***** Task data *****

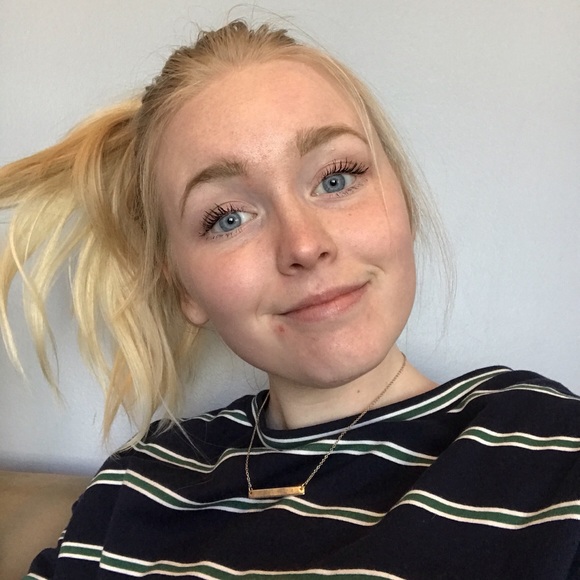 Profile Picture of Jaclyn Taylor (@jaclynmariet) on Poshmark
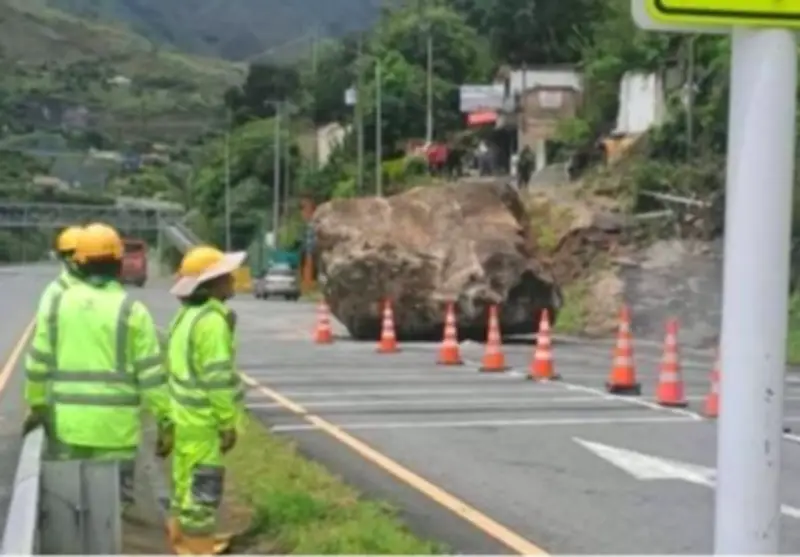 Gigantesca roca cierra la Panamericana en Nariño: milagro sin víctimas tras impacto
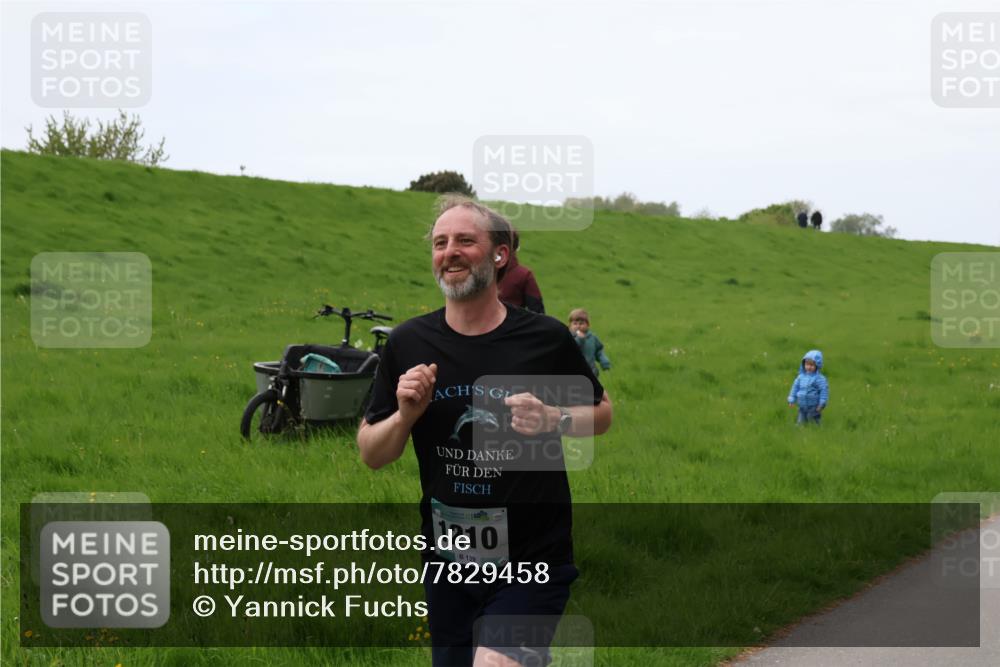 04.05.2025 - 8. Wedeler Halbmarathon Yannick Fuchs http://msf.ph/oto/7829458 04.05.2025 11:17:39 Laufen 1210, 139 meine-sportfotos.de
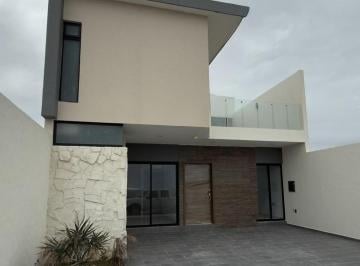 Casa · 172m² · 3 Recámaras · 2 Estacionamientos · Casa con Alberca en Venta en Lomas del Mediterráneo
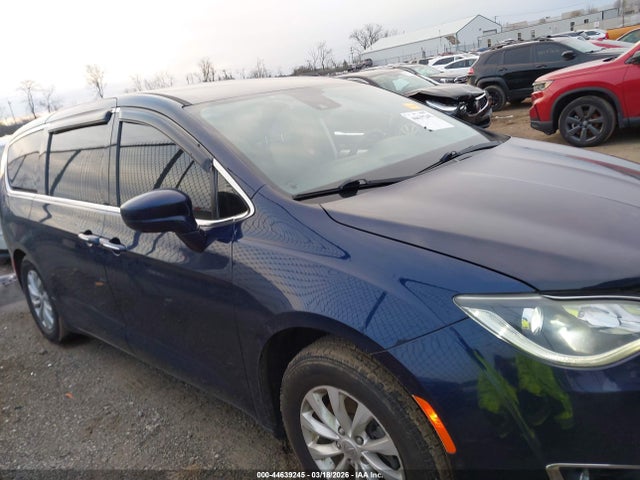Aukcja sprzedaży 2019 Chrysler Pacifica Touring Plus, vin: 2C4RC1FG9KR635784, numer aukcji: 44639245
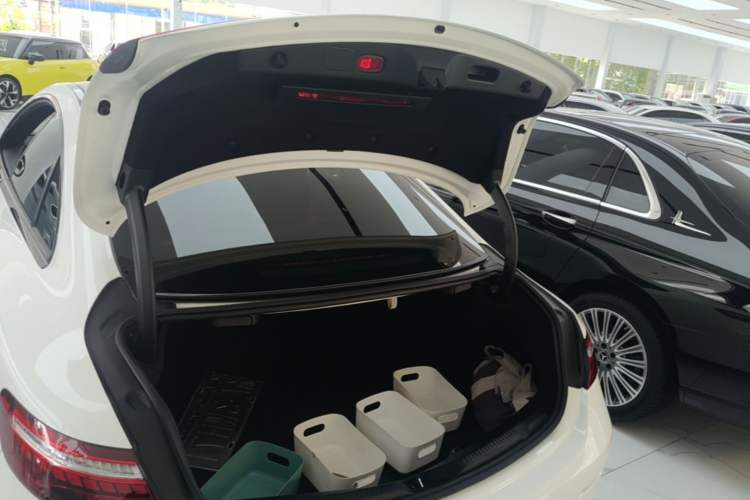 Used Mercedes-Benz E-Class 2023 E 260 Coupe Trunk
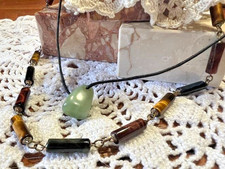 Lot 2 colliers perles pierres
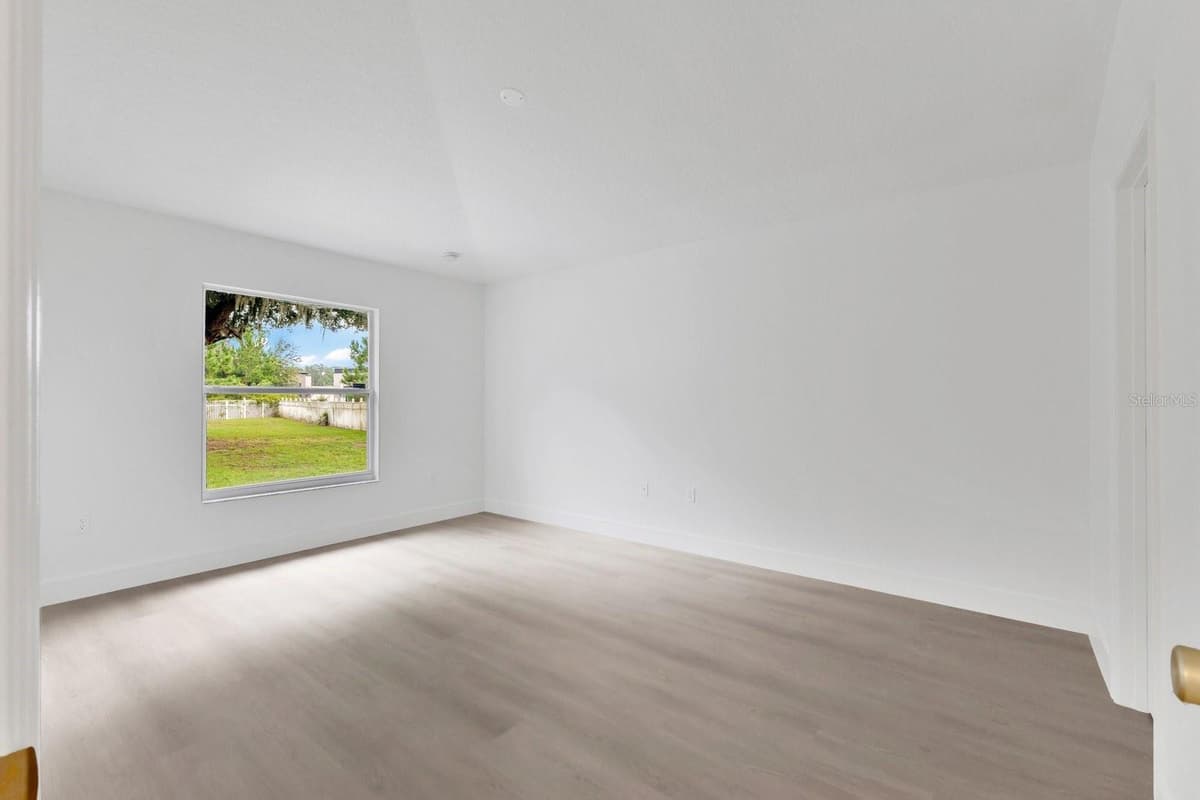 46 CORDONA DRIVE — photo 24 of 51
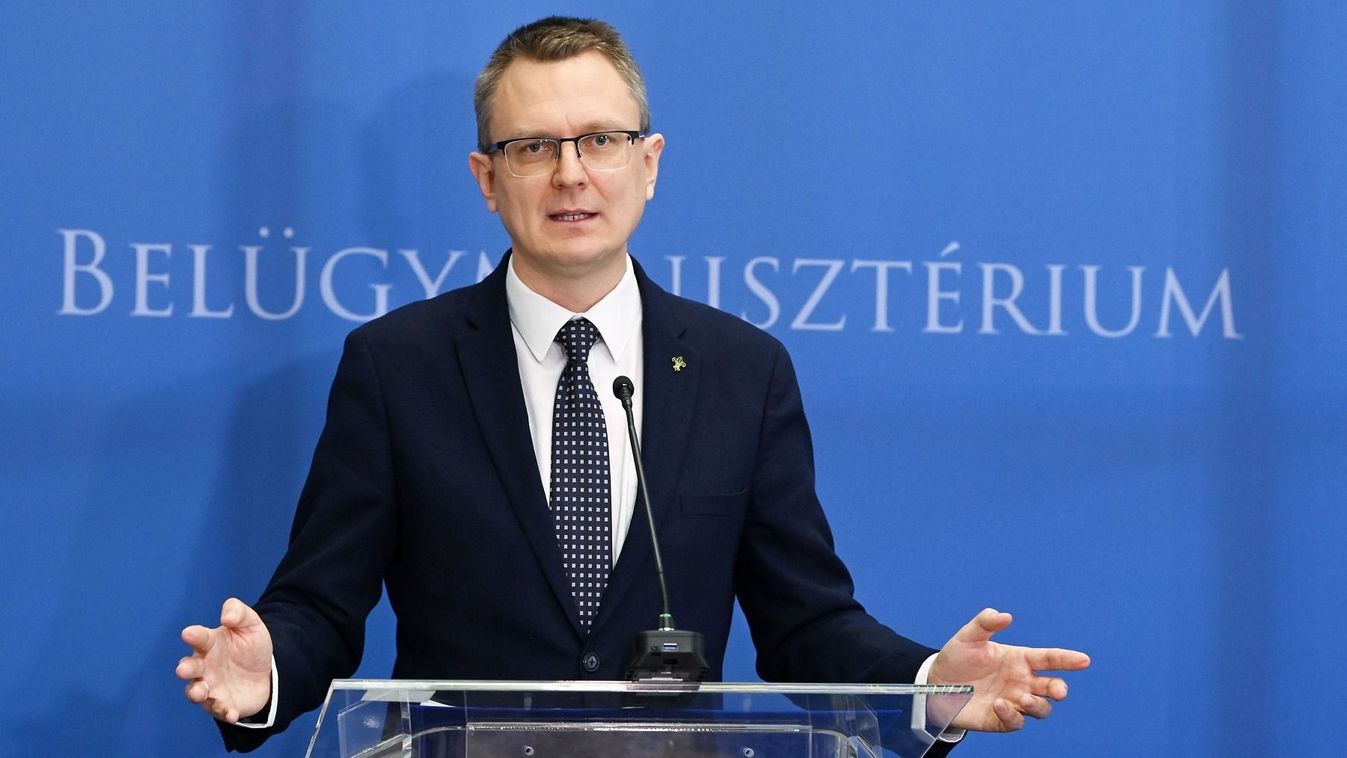Rétvári: a baloldal jövőképe a bukott múlt az oktatás területén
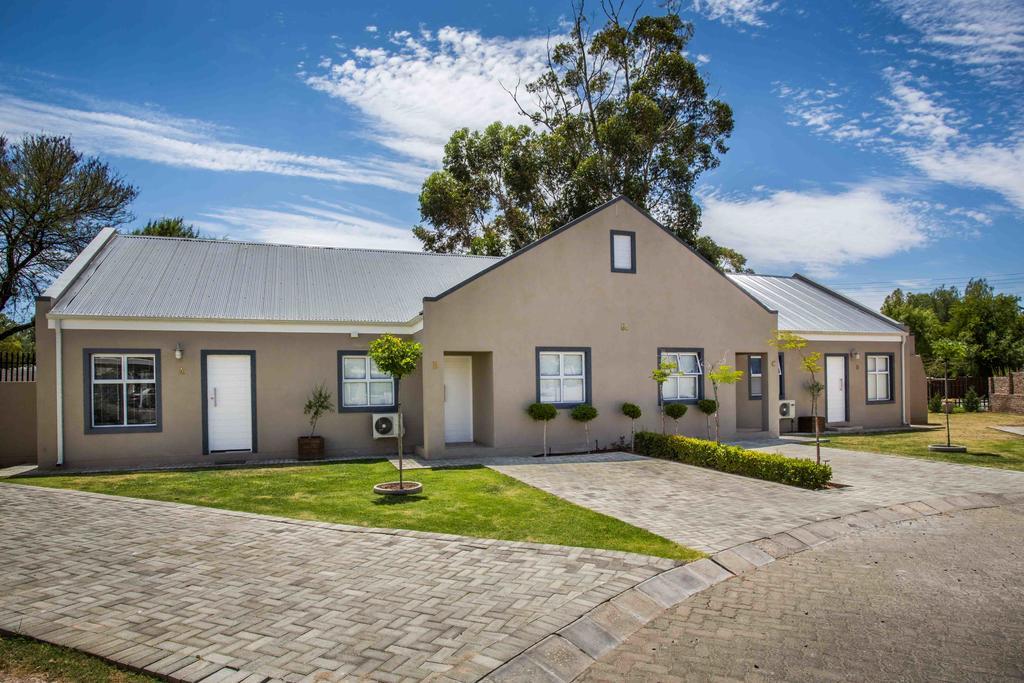 El Dorado 65 Luxury Self Catering Villa Oudtshoorn Dış mekan fotoğraf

*****

To do: Copy nothing but the lines from the line that contains "46 CORDONA DRIVE — photo 24 of 51" through the end of the listing, exactly, and keep pictures out of it.

Result:
 46 CORDONA DRIVE — photo 24 of 51
Rétvári: a baloldal jövőképe a bukott múlt az oktatás területén
 El Dorado 65 Luxury Self Catering Villa Oudtshoorn Dış mekan fotoğraf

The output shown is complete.